O movimento grevista em Mato Grosso do Sul é ligado a Fetems (Federação dos Trabalhadores em Educação), que por sua vez é ligada a CUT (Central Única dos Trabalhadores) e ao PT. O próprio presidente da Fetems, professor Roberto Botarelli é filiado ao PT, principal adversário político da sigla que está gerindo o governo: o PSDB.

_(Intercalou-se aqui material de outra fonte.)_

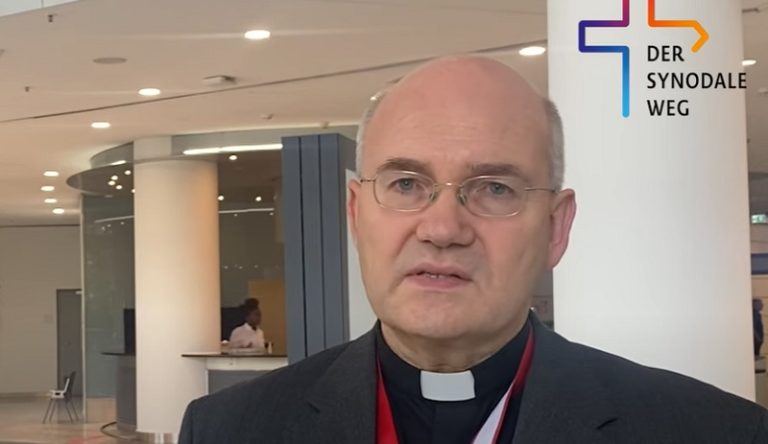 Третя німецька дієцезія запровадила офіційні благословення для ЛГБТ-пар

A politização do movimento ficou ainda mais evidente após as declarações do presidente da Fetems, Roberto Botarelli, de que os professores estaduais estão “em situação um tanto privilegiada”. Atualmente, o Governo de MS paga o piso nacional para os professores em 38,84% acima do valor. Cálculos da Secretaria de Educação revelaram que, enquanto o piso nacional é de R$ 1.917,78, o Estado repassa R$ 2.662,82, mas 99,67% dos profissionais tem curso superior e recebe em média R$ 5.561,90 para carga horária de 40 horas semanais.
Somente em 2015, o Estado autorizou o reajuste de 13,01% antecipado pelo ex-governador André Puccinelli (PMDB), ofereceu mais 4,34%, a partir de outubro e negociou o aumento de salário ao dobro até 2022. Mas a proposta não agradou a categoria que saiu as ruas, mas acabou barrada pela Justiça.

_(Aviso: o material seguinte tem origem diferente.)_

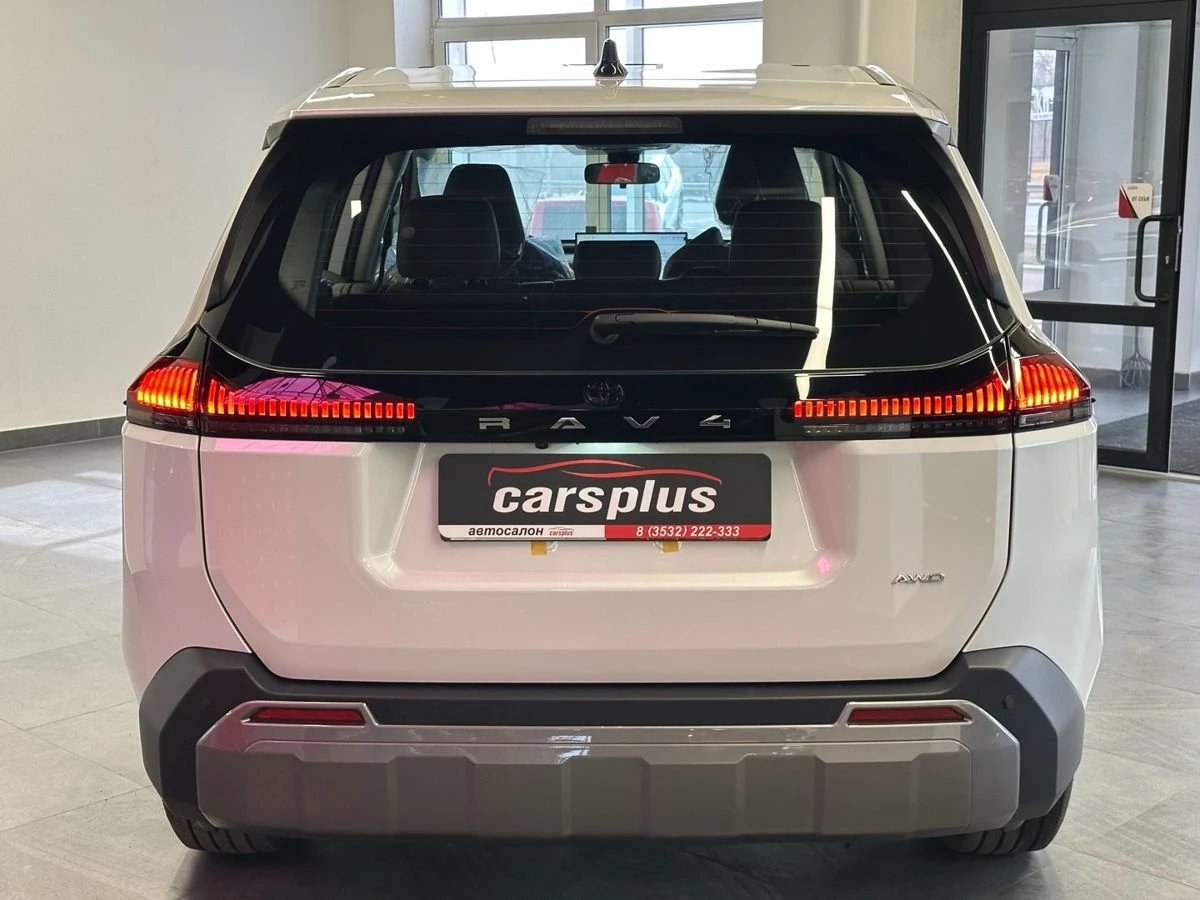 Toyota RAV4, 2026г, полный привод, вариатор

Apesar da briga ter ido parar nos tribunais, na outra ponta que atinge diretamente a sociedade e as famílias - a qualidade do ensino público - o professorado permanece desguarnecido. Dados do Ideb (Índice de Desenvolvimento da Educação Básica), mostram que a qualidade do ensino na rede pública no Brasil só deve chegar próximo ao nível dos países desenvolvidos em 2022.

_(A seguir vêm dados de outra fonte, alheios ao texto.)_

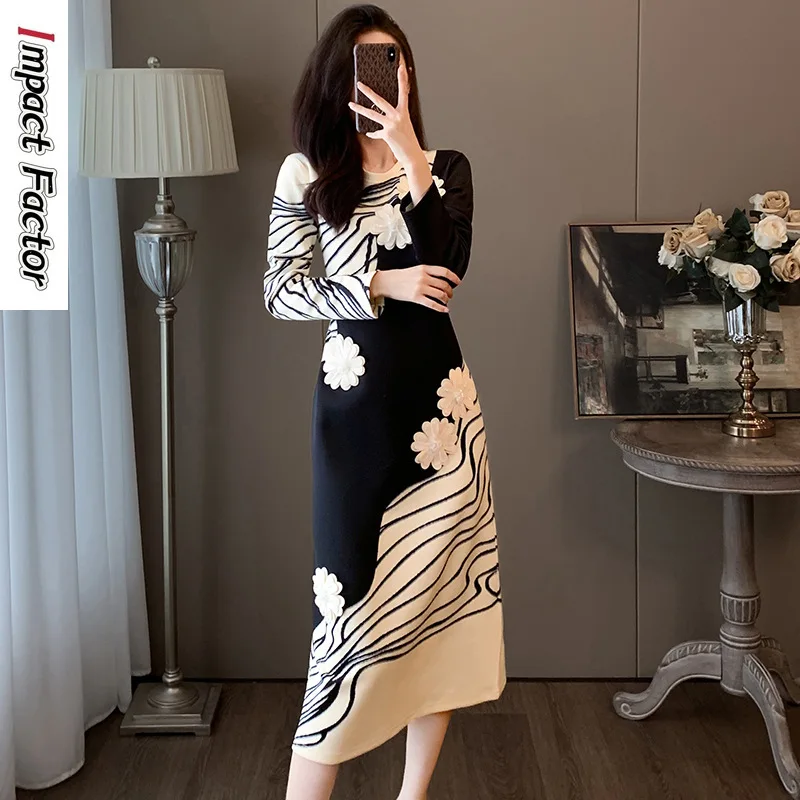 

High End Temperament Waist Wrap Dress Autumn 2024 New Slim Fit Long Sleeve Fashion Foreign Printed Long Dress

Na avaliação da professora Doutora em Educação com pesquisa em formação de professores, Maysa Brum, a educação ainda não é prioridade, o que deixa muitos professores mal qualificados e sem condições de educar nossas crianças.
“Claro que a questão salarial é muito importante, mas não adianta brigar só pelo salário. Precisamos de condições detrabalho, infraestrutura,apoio institucional, físico, administrativo e pedagógico. A realidade que vemos hoje é de uma grande parte de professores mal formados, que não conseguem dar conta de formar nossos filhos e lá na frente os deixam muitas vezes sem saber ler, escrever, interpretar e sem visão crítica. Falta acirrar a briga também na outra ponta e elencar prioridades que não foram alcançadascomo investir nas condições de trabalho e principalmente na formação de professores”, elencou.
A educadora salientou ainda a questão dos alunos que ‘passam de ano’ sem ter conhecimento para avançar as séries, apenas para atingir a meta de aprovação das escolas. Maysa explicou que isso se deve a má interpretação da Lei.
“Quem comete esse tipo de crime contra a educação não entendeu o propósito da Lei. A ideia de que não pode haver reprovação quer dizer que vamos ter que suprir a necessidade do aluno: se não está aprendendo vou dar um reforço no contraturno, reforço psicológico, mas não é assim que a gente vê acontecer e muitas vezes essas professoras precisam reduzir o nível dos estudos para nivelar por quem sabe menos. Então, vemos que é urgente uma formação continuada remunerada aos professores, no seu horário de trabalho, porque não há quem trabalhe dois, três turnos e ainda tenha disposição e ânimo para fazer um aperfeiçoamento”, finalizou.